General characteristics
- Class & type: Alamosa-class cargo ship
- Type: C1-M-AV1
- Tonnage: 5,032 long tons deadweight (DWT)
- Displacement: 2,382 long tons (2,420 t) (standard); 7,450 long tons (7,570 t) (full load);
- Length: 388 ft 8 in (118.47 m)
- Beam: 50 ft (15 m)
- Draft: 21 ft 1 in (6.43 m)
- Installed power: 1 × Nordberg, TSM 6 diesel engine ; 1,750 shp (1,300 kW);
- Propulsion: 1 × propeller
- Speed: 11.5 kn (21.3 km/h; 13.2 mph)
- Capacity: 3,945 t (3,883 long tons) DWT; 9,830 cu ft (278 m^{3}) (refrigerated); 227,730 cu ft (6,449 m^{3}) (non-refrigerated);
- Complement: 10 Officers; 69 Enlisted;
- Armament: 1 × 3 in (76 mm)/50-caliber dual-purpose gun (DP); 6 × 20 mm (0.8 in) Oerlikon anti-aircraft (AA) cannons;

= USS Claiborne =

Cargo ship of the United States Navy

USS Claiborne (AK-171) was an commissioned by the U.S. Navy for service in World War II. She was responsible for delivering troops, goods and equipment to locations in the war zone.

==Construction==
Claiborne was launched 3 September 1944, by Froemming Brothers, Inc., Milwaukee, Wisconsin, under a Maritime Commission contract, MC hull 2144; sponsored by Miss L. Kapczynski; and commissioned 19 April 1945 at New Orleans, Louisiana.

==Service history==
===World War II Pacific Theatre operations===
Claiborne departed Gulfport, Mississippi, 20 May 1945 and arrived at Hollandia, New Guinea, 5 July.
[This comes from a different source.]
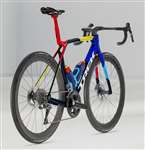 TREK 2025 - MADONE SLR 7 DISC GEN 8 SHIMANO ULTEGRA DI2 12V - TEAM REPLICA : NAVY SMOKE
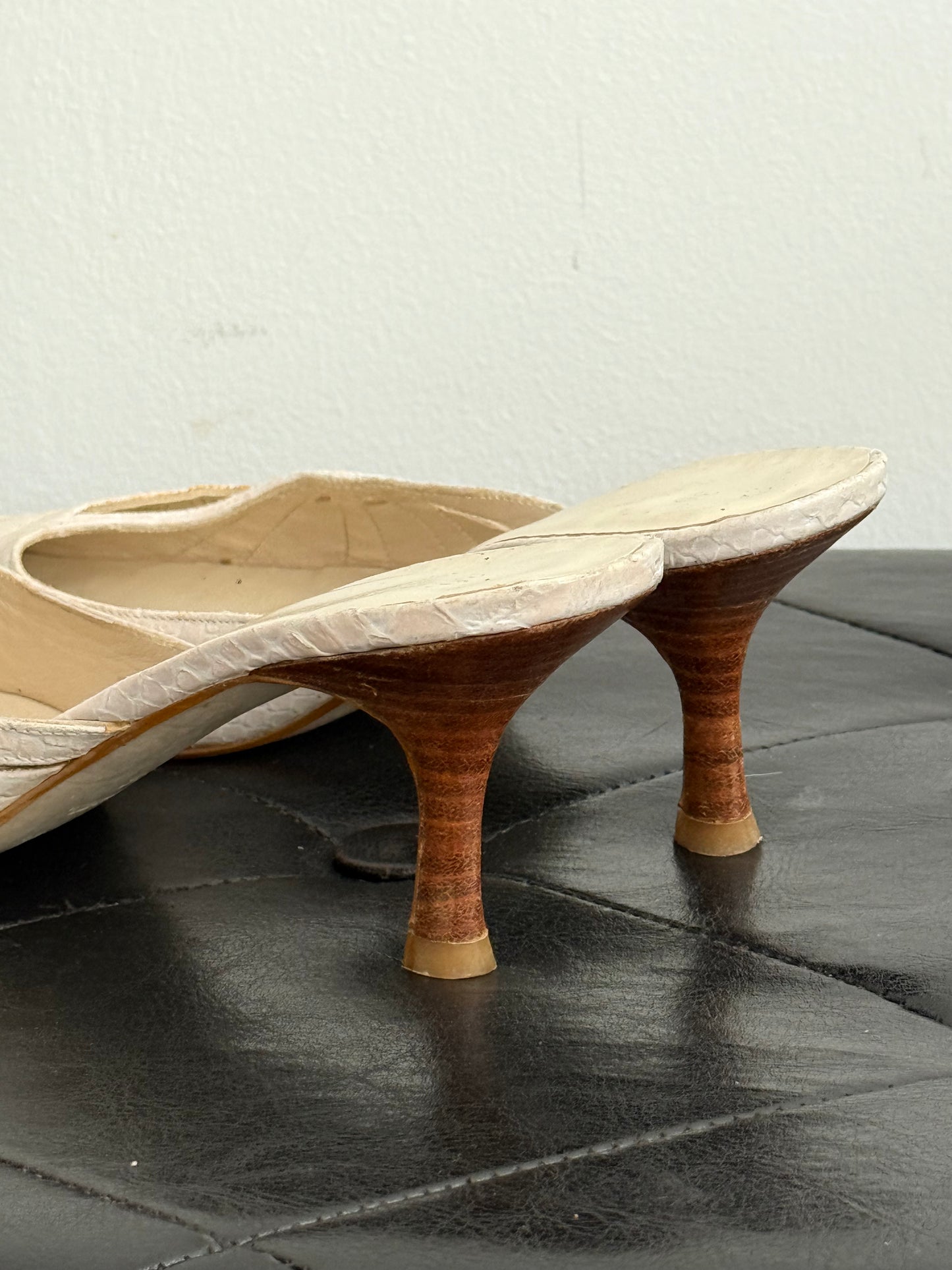 Zara Croc-Embossed White Leather Block Heel Mules — Y2K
For the next 6 months she operated in the Philippines and New Guinea areas, carrying food, and supplies, and helping to redeploy troops among the various islands. Claiborne sailed from Manila 6 January 1946, for Yokosuka, Japan, anchoring there 13 January.

===Post-war decommissioning===

Claiborne was decommissioned and transferred to the War Shipping Administration at Tokyo 7 February 1946. The ship was operated by the War Department until placed in the Reserve Fleet berthing area at Olympia, Washington, on 5 May 1950. Ultimately, she was sold to the Marine Power & Equipment Company, on 6 January 1971, and was delivered to her purchaser at Olympia on 1 February 1971 for scrapping.